Misteriose telefonate della madre a sua figlia Delia (Anna Bonaiuto), un padre assente da tempo, un ritorno a Napoli da parte di Delia per la morte di Amalia per apparente suicidio, figure misteriose che ritirnano e dei ricordi d'infanzia sopiti che a poco a poco riaffiorano, minacciando di cambiare certezze che si credevano incrollabili.

L'Amore Molesto di Mario Martone (1995), tratto dell'omonimo libro della misteriosa autrice Elena Ferrante, è un dramma con venature thriller con inserti psicanalitici, seguendo la scia di opere come Io ti Salverò di Alfred Hitchcock (1945), dove dei ricordi rimossi erano fondamentali per risolvere e sbrogliare l'intricata e misteriosa vicenda, consegnando non solo un risvolto soprendente della vicenda, ma anche una società napoletana coservatrice, violenta e fortemente maschilista.

Martone regista Napoletano, conosce bene la città ed infatti la pellicola più che puntare sulla narrazione decide di vivere di primi piani, volti, dettagli, atmosfera e di odori e suoni catturati tramite una macchina da presa invisibile.

 

 

Delia si aggira per le caotiche strade della città di Napoli, ricolme di storia e pregne di antichi ricordi, i quali tramite un collegamento visivo, sembrano riaffiorare a poco a poco nella memoria della donna.

Se il presente è un esplosione visiva vivida di colori, quasi da melodramma Sirkiano quando Delia indossa il tubino rosso comprato dalla madre, liberandosi poco a poco dalle inibizioni non solo vestiarie, ma anche psichiche, arrivando a scoprire avvenimenti e situazioni a lungo sepolte ed ottenebrate nella memoria, il passato invece ha una scelta cromatica virata sul color seppia che soffoca ed affoga le sfumature del mondo, trovando un collegamento con la miopia di Delia costretta ad indossare gli occhiali per evitare peggioramenti alla vista.

Sarà quindi necessario squarciare questo velo di Maia posto innanzi agli occhi per giungere alla verità di un caso che arriva solo nei minuti finali ed in modo visivamente originale per quanto forse troppo ricercato e metaforico, visto che il film non s'era fatto scrupoli in precedenza nel mostrare esplicitamente certe situazioni.

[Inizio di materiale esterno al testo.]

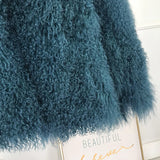 GETADME Ladies Sheep skin Jackets Real Mongolian Lamb Fur Coat Luxury Women's Fleece Jacket 2025 Winter New Short Natural Fur Coat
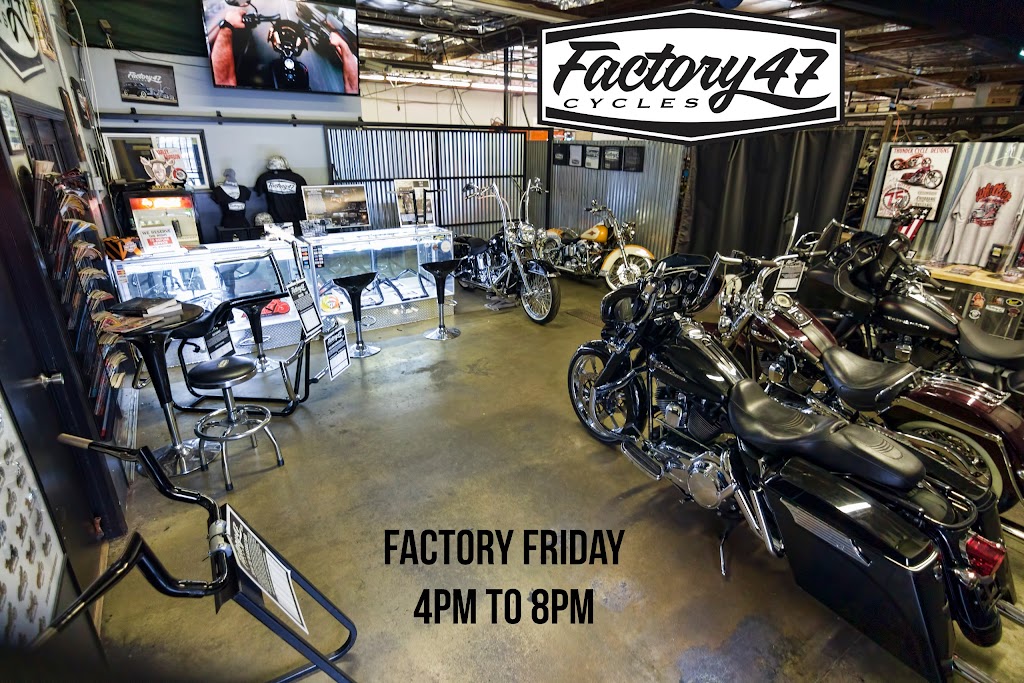 Factory 47 Cycles | 8825 Calmada Ave, Whittier, CA 90605, USA | Phone: (562) 693-5219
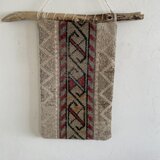 ビンテージファブリックウォールデコール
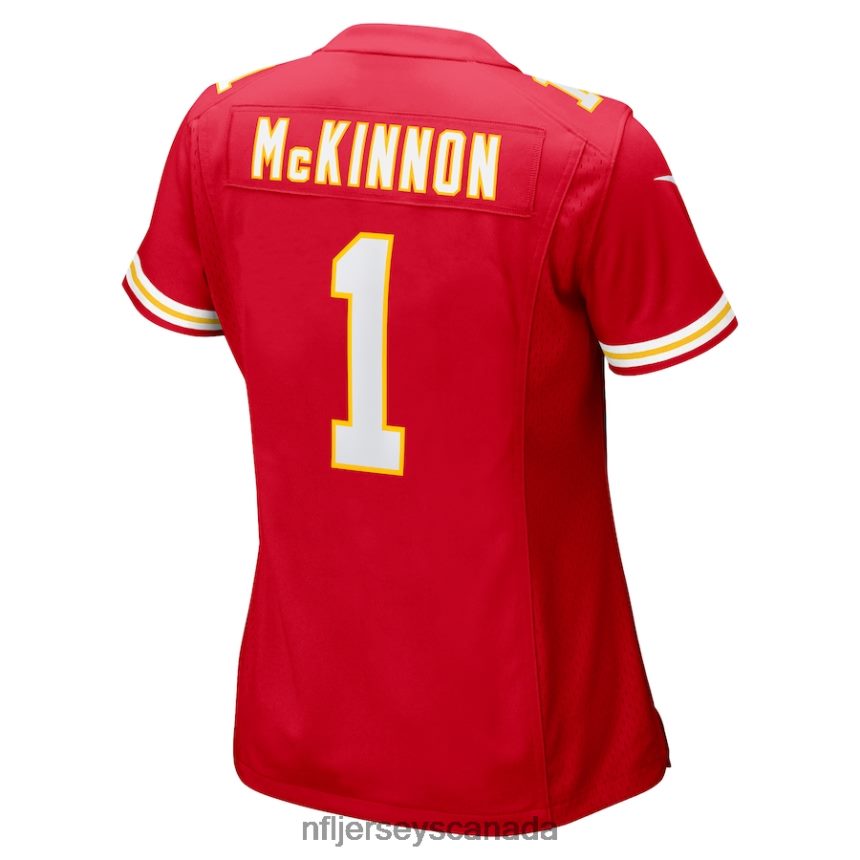 Women Kansas City Chiefs Jerick McKinnon Nike Red Game Player Jersey Clothing NFL TBXFR61864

Avvalendosi della grande prova di Anna Bonaiuto e di molti caratteristi presenti sulla scena teatrale di Napoli, i quali danno anche una concretezza linguistica derivante dal dialetto, la pellicola venne presentata a Cannes senza vincere nulla, ma ad oggi lo si può considerare tra i migliori film italiani degli ultimi 40 anni.